Welcome!

Anyone can leave comments on stories you read, let me know what you like and what you don't, this is a blog for the people. Use your power!

Suggestions?
email me @ beatblathering@gmail.com


Tuesday, February 1, 2011

Bath Salts, The New Crack?

Alright my girlfriend texted me something about bath salts being the new crack or something and it went completely over my head. But then I did some quick research and it turns out that certain kinds of bath salts contain a designer drug that's in the amphetamine (speed) family? Like what the fuck am I missing here? I can't smoke pot but you can walk into a fucking store and buy speed? I fucking hate America sometimes. Here's the full story.

Now I don't really understand if the salts just get you fucked up on accident or if that's the intent? I assume it's not. But like, doesn't the FDA test stuff like this before people can sell it? Why don't crack dealers just sit on corners in Harlem with "soap" stands or something. Seems too easy.

Dare you to snort it

But also, as usual, the press is probably turning this into a worse issue than it really is. Most people wouldn't know what the fuck I'm talking about if it didn't get coverage. And yeah I know I'm a hypocrite because if I kept my mouth shut you ignorant fucks wouldn't know dick about it. I'm trying to help you get high so shut the fuck up.

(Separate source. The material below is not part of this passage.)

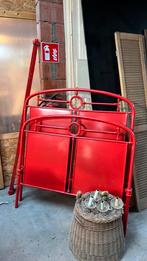 vintage brandweerrood bef, Huis en Inrichting, Slaapkamer | Bedden, Ophalen, Overige materialen, Gebruikt, Vintage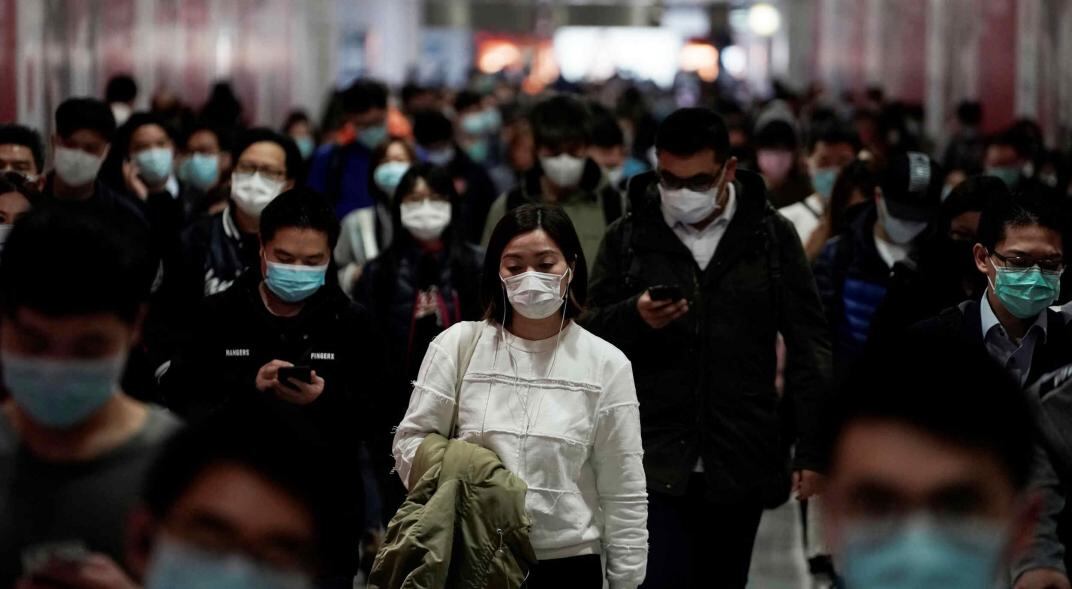 Todos con barbijos en el subte de Hong Kong (AP/Archivo).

So now parents are going to be all flipping out and shit. The article says it wasn't hard for the CBS producer to get the shit, well you know, in New York City you probably could get a drug variety pack: a pound of weed, ten hits of acid, five E pills, and a dime of heroin within 30 minutes of looking. I'll keep following this shit to see what happens, I think bath salts like "Zoom 2" are the Four Loko of 2011.